I’ve been wanting to go to The Hinds Head at Norton-in -Hales for a while now as it’s more than five years since my last visit and I remember it as one of our ‘favoured’ lunch stops. But I had called several times on Wednesday to check if they were open for lunch on Thursday, but could get no answer. Consequently, I’d concluded that we’d have to go elsewhere. That was until Ivan told me that he’d been past on Tuesday and that they were open – hurrah!
So the mods (Daves H & M, Alan, Andy B, George and myself) set off from Alison’s bound for Norton-in-Hales. Our first challenge was to get up and over Harthill. As we approached the hill there were ‘Road Closed’ signs which, of course, we ignored. It turned out that they were clearing drains on the hill and the JCB driver was kind enough to raise his front bucket to allow us to get by. Near the top of the hill, a truck was parked across the road and the driver made no effort to move it for us, so we had to walk the bikes past it.
Onward then, with a following wind, past Cholmondeley Castle and Chorley Bank to Wrenbury cum Frith, where the bridge over the Llangollen Canal was raised to allow a narrow boat through. George reckons that it’s the first time he’s seen it up in all the time he’s been with CER! Thankfully, we went past The Bhurtpore in Aston at 11.30, which meant that it was closed. Otherwise I doubt that we’d have got Dave H to go any further!
At Royal’s Green Dave M left us, as he’d decided to go into Audlem to see Jane at The Old Priest House café to talk about arrangements he wants to make for a Special Ride he’s planning from there on October 7th, so watch out on the blog for details in the near future.
Having gone through Adderley, we arrived in Norton-in-Hales and the Hind’s Head about 12:15. The car park was almost empty, but the door to the kitchen was open and the chef was working inside, so I was optimistic. But my hopes were dashed when I tried the front door, where that was a notice to the effect that whilst they are open in the evenings, they are only open at lunchtime at the weekend. Thanks, Ivan!
After a discussion about where to go to find sustenance, we adopted ‘Plan B’ and set off for the five or so mile ride to Audlem where we knew that either the Old Priest House or The Lord Combermere would satisfy our needs. As soon as we cycled up the lane at the side of the pub, the strong northerly wind was evident, and we wondered if it was going to be a long ride home. We arrived in Audlem just as the church clock was striking one and plumped for The Lord Combermere, where we sat in the sunshine and enjoyed a fine lunch.

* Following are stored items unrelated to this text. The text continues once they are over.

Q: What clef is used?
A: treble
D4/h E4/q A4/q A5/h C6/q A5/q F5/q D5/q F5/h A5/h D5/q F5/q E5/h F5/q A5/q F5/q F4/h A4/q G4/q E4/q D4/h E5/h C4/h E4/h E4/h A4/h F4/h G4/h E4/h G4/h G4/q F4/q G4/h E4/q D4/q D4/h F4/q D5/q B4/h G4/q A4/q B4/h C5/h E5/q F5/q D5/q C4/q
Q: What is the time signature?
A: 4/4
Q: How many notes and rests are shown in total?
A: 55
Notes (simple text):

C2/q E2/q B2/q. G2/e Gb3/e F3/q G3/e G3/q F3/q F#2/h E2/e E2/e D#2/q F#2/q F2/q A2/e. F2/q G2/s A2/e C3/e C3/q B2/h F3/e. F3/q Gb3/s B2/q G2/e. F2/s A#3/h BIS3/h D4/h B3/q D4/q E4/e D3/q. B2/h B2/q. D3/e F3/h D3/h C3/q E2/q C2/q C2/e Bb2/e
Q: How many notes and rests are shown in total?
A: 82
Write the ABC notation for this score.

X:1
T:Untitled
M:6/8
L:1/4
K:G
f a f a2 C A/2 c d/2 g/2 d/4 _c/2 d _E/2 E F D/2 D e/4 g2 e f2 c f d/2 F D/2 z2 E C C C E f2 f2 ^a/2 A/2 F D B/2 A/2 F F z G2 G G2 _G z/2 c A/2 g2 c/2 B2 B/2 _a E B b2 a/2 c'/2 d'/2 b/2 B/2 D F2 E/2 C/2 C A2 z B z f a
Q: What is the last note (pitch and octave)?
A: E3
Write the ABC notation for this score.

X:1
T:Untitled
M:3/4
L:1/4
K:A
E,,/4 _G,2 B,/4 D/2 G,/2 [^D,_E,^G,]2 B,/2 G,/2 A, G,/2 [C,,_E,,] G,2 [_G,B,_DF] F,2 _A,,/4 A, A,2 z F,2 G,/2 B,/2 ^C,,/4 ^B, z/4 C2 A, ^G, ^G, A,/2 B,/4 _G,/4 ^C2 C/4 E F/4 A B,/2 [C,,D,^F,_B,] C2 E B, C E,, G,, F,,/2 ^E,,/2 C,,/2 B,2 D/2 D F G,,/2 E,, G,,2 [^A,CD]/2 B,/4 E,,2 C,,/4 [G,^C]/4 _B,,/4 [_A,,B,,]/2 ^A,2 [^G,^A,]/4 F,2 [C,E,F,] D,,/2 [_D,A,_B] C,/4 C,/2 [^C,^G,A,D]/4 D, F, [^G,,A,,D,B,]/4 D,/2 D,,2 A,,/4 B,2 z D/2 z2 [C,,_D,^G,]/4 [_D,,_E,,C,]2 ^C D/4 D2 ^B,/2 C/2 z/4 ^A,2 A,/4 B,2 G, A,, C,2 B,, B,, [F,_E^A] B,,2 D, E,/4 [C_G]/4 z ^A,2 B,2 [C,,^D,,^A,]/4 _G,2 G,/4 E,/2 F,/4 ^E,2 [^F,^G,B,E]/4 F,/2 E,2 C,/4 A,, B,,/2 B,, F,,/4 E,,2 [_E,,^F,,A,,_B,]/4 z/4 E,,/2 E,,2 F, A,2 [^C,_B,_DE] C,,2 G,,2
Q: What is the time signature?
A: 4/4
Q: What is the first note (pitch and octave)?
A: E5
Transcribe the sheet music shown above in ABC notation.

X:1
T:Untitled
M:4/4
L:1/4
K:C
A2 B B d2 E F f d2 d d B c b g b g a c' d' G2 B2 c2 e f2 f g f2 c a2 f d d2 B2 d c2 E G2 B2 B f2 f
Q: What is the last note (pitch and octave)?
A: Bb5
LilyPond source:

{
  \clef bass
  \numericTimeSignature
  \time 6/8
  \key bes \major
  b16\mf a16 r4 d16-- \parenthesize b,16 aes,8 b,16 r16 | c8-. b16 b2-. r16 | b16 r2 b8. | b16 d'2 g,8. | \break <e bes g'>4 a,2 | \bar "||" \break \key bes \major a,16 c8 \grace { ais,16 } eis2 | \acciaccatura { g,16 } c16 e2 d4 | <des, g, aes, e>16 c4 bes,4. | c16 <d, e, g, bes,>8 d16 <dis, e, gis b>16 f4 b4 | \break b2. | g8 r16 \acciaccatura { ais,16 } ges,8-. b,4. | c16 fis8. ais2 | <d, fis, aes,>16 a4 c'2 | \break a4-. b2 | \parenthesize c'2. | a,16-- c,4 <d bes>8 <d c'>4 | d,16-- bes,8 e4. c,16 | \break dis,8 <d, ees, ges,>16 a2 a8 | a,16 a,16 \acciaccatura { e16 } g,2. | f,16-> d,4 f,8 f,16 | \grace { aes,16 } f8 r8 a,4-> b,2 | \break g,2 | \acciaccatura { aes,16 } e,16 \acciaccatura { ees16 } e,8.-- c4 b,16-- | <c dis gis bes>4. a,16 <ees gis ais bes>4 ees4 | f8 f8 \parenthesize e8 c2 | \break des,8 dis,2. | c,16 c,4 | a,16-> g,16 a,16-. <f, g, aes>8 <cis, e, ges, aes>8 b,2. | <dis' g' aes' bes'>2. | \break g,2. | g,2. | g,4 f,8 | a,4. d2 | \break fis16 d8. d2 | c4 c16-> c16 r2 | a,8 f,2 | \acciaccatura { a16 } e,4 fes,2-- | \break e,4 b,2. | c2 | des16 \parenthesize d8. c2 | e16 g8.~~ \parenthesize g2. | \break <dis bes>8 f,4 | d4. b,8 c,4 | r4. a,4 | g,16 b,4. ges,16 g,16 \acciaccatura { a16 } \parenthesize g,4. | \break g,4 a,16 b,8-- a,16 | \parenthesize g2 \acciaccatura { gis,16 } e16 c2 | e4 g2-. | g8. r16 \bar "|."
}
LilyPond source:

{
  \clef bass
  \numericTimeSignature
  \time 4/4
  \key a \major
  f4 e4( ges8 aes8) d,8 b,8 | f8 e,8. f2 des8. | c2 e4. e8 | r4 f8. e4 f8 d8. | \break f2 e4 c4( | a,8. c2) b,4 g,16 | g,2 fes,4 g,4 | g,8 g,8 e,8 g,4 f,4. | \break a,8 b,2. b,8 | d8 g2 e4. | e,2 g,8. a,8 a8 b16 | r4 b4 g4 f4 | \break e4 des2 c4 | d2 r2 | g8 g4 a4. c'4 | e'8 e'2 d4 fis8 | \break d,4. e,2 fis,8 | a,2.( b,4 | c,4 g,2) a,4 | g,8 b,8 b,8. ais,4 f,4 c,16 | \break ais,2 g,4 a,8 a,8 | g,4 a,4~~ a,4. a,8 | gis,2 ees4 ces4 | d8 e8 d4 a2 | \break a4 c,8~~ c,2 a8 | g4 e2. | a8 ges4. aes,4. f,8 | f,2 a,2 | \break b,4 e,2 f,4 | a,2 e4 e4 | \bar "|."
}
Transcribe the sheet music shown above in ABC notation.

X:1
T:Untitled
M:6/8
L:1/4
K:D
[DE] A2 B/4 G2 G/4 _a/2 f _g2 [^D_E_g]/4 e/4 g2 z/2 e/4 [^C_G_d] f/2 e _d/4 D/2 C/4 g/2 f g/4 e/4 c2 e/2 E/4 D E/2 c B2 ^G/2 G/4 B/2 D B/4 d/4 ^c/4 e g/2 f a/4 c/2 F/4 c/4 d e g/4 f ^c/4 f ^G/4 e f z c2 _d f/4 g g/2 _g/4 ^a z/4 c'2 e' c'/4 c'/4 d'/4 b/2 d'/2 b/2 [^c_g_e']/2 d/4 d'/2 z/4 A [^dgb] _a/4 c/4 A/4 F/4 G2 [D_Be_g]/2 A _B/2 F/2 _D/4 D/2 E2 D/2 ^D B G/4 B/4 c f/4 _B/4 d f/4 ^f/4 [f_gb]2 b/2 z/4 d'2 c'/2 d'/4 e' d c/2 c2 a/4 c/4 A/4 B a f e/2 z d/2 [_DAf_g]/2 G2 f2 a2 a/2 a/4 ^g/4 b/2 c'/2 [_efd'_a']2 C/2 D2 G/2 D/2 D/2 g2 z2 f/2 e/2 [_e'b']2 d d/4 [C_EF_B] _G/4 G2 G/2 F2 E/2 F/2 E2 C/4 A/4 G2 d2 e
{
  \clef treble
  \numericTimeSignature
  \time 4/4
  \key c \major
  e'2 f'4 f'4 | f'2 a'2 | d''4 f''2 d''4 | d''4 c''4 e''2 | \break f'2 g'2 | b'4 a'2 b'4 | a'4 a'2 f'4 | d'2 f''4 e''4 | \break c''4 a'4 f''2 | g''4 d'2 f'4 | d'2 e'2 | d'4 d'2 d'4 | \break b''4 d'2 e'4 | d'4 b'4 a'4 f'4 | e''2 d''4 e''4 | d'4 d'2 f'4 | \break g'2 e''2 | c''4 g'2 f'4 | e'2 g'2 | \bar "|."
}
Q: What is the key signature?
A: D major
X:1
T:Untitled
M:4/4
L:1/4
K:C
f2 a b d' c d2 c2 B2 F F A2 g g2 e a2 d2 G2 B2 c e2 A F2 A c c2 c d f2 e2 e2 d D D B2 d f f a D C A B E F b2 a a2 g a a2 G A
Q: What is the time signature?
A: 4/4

As we were preparing to leave Alan found that his front tyre was very soft, so he set about mending yet another puncture – his third in a week. The problem turned out to be a slight leak from a patch where a previous puncture had been repaired. So, after a slight delay we set off for home using the normal route via Sound, Ravensmoor and Brindley, finding the wind much less strong as the afternoon progressed. A stop was made at Tilly’s in Bunbury for ‘kafee und kuchen’ before heading out on the final leg of our journey.
When we reached Beeston, George left us, heading for The Shady Oak and Waverton, where he’d left his car and at the end of Newton Lane, Andy headed off for Mold. That left a trio of Easy Riders to run the last couple of miles into Tattenhall after a very pleasant day in the Shropshire lanes at a surprisingly perky average speed of 13.5 mph.